Cultural events such as the Floral Games helped establish the more prestigious linguistic variant (as mentioned, the language spoken by the elites in Barcelona) as the standard Catalan language, which with the advent of universal schooling in the 19th century and beyond would soon become the common language of the local population. In time cultural nationalism derived into political nationalism; or to put the matter in terms of the three stages peripheral nationalisms typically go through (see Part 4), there were, first of all, the small groups of elites who think up a national identity, then there were the slighter bigger groups of elites who standardise the national language and (re)organise the cultural practices of the nascent nation, and finally we would have had the dissemination of the nationalist sentiment across a population that by then had been homogenised to a significant extent (one language, one set of cultural customs, etc.).

The problem with applying Miroslav Hroch’s framework (for it was he) to the Catalan case is that the Catalans, as shown, do not form a very homogeneous group. Indeed, Catalans live in a world in which the Spanish language and culture are not foreign to them at all and are in fact an important part of their own mental baggage. What’s more, the Spanish language and culture are in some respects rather dominant in Catalonia (though not so in the administration or the local government, as I remark below), and this is not on account of any policy from the central Spanish government, current or from the past. As Hobsbawm discusses in his aforementioned book, the adverse conditions local languages often encounter are rarely to be explained in terms of actual oppression or persecution, but often simply as a consequence of the advantages a more widely-used language enjoys, including the prestige such languages typically have.

This general situation has been the case in Catalonia for a long time now, compounded in the last 80 or so years by the high levels of immigration from the rest of Spain, especially from the south. What has been a novelty in recent times is the process of “catalanisation” that was initiated in the 1980s to turn the Catalan Parliament, all public bodies and subsided media, as well as the majority of all schooling and higher education, into exclusively Catalan-speaking places. An astonishing development for a society that was already fairly bilingual at the time, this policy has been rather aggressively pursued and indeed enforced. A policy that is often defended on account that the Catalan language is not as widely spoken or used in Catalonia as Spanish is (the often unstated assumption here is that what we call the Catalan language is intrinsic to the Catalan nation, or at least to a Catalan national identity, in a way that Spanish can never be), it is telling that this remains true to this day despite 40 or so years of following the policy religiously. Indeed, by 2013 around 75% of the population in Catalonia was said to be able to speak Catalan, for close to 100% in the case of Spanish, and the imbalances are more pronounced when we consider things like the production of culture (the arts, literature, etc.) or even the availability of the media overall (putting the Catalan state media to one side, which doesn’t broadcast in Spanish as a matter of policy). If anything, this is a good example of the point that no amount of state action can compensate for the imbalances that two languages with very different number of speakers and cultural outputs will always demonstrate, let alone reverse these relationships. And yet for a great number of people in Catalonia the state actively seeks to not speak to them in their own language – nay, to not even revert to the language they both speak.

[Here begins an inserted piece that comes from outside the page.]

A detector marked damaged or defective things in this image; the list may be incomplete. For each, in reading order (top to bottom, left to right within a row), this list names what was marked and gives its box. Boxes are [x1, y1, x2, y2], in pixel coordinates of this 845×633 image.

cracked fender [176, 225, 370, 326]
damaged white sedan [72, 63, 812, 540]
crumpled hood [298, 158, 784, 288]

In the independentist flag that appears at the beginning of this post, a design based on the Senyera, a flag that can be traced back to medieval times as the coat of arms of the Crown of Aragon, the message in Catalan says ‘I want to be free’. Not a sentiment anyone would want to disagree with; unless, as I have been claiming in this series, such freedom is cashed out along nationalist lines. Or to quote myself:

Nationalism is often associated to such fundamental human rights as the self-determination of a people, and when the focus of attention falls upon small nationalist movements regarded as being oppressed in one way or another, usually by a greater nationalist movement, it is easy to sympathise with the objectives of such movements and forget all that is in fact reactionary to nationalism – the imposition of a language and a culture, the enforced contrast with other peoples, etc.

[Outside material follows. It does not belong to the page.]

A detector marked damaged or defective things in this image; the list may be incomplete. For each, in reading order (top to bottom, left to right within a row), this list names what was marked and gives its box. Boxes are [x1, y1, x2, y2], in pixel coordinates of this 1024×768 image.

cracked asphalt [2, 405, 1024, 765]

All nationalisms are exclusionary in one way or another, whether this is Spanish nationalism, Catalan nationalism, or any other instance anywhere in the world. The case of Catalonia is particularly illuminating because of the peculiarities of Catalan society. As mentioned, the population in Catalonia is as bilingual as it may be possible to be in a modern state, and the Catalan and Spanish identities co-exist with little friction, often within a single person. An outsider may perhaps be surprised by the fact that sectarian violence is non-existent in Catalonia, but this would be a case of viewing Catalan society through a rather skewed prism. The Catalan identity is a mongrel, incorporating as it does various aspects of what we might define, not with a little bit of artifice, prototypical or indeed stereotypical examples of Spanish and Catalan national identities (and I doubt the latter actually exist, or at least not any more; all national identities may be mongrels). But no-one ceases to be Catalan for writing the name of Catalonia in Spanish instead than in Catalan, to refer to a common (and recent) practice of some media in Spain, who write Catalunya instead of Cataluña even if the publication itself is in Spanish (an entirely performative gesture, in my opinion). And yet Catalonia is also a society in which a Catalan-speaking political class is almost entirely in control, and where the country is supposed to be first of all Catalan and then perhaps Spanish, if not in fact only Catalan. This is particularly unfortunate given that it doesn’t reflect the reality of Catalan society.

So what to make of recent events in Catalonia, especially the often-repeated claim that most of the population is in favour of holding a referendum to decide whether they want to be independent or not? I am certainly in favour of anyone’s right to decide their own affairs and indeed their future; the problem is not the principle, but the question that is asked in each case, and a yes-or-no referendum on independence is a far cry from people’s real concerns and their ability to have a meaningful say in their own affairs. Much more important are the multiple questions one can, and should ask and settle, regarding what type of society one wants, from the limits to the private ownership of the means of production to working out which sectors taxes should be allocated to, and many more. Indeed, I am of the opinion that talk of self-determination should not be couched in terms of abstract notions such as a people or a nation, but grounded in the affairs of the communities a person is actually in contact with. After all, everyone can relate to the desire to have a say in one’s own affairs, be this at school, at university, in the workplace, or in your own area of residence. But this simply reflects the universal human longing for autonomy of thought and action, in collaboration with others but with little to no top-down impositions, and this is a feeling that is present in Catalonia as much as it is in London, Santa Margherita Ligure, and Madrid. Or in fact anywhere.[iv]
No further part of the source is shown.